I asked what happened his reply was, "I was using my multimeter and my hand slipped, flash crack everything stopped working " believe it needs a hazzard that can be turned on without key being on


----------



## catphish (Jul 30, 2017)

Lleksam said:


> I asked what happened his reply was, "I was using my multimeter and my hand slipped, flash crack everything stopped working " believe it needs a hazzard that can be turned on without key being on


Total guesswork here, but a bit bang like that suggests a dead short of a power line, so hopefully a blown fuse rather than any electronic damage.

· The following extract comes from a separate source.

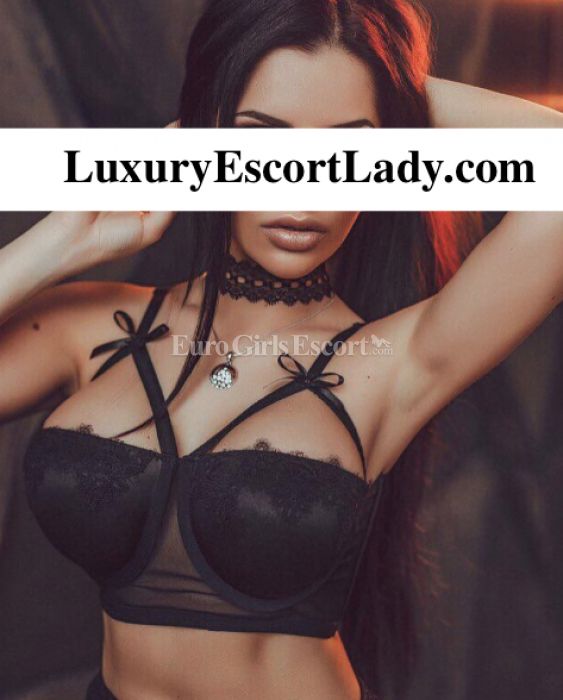 Escorts Budapest, Hungary Ashley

Impossible to know without proper investigation though.


----------



## Lleksam (Dec 6, 2015)

my thoughts exactly hopefully going to buy this week, will be a fun project


----------



## catphish (Jul 30, 2017)

Good luck!


----------



## CliffordK (Oct 8, 2011)

I wonder if you could just string new wires to the lights, and add a new hazard switch and flasher.


----------



## Lleksam (Dec 6, 2015)

CliffordK said:


> I wonder if you could just string new wires to the lights, and add a new hazard switch and flasher.


That is the plan, I bought it and have found main fault was as simple as 2 fuses one was a 10a but on the 72v line to the 72v to 12v dc-dc converter but was hidden under motor controller


----------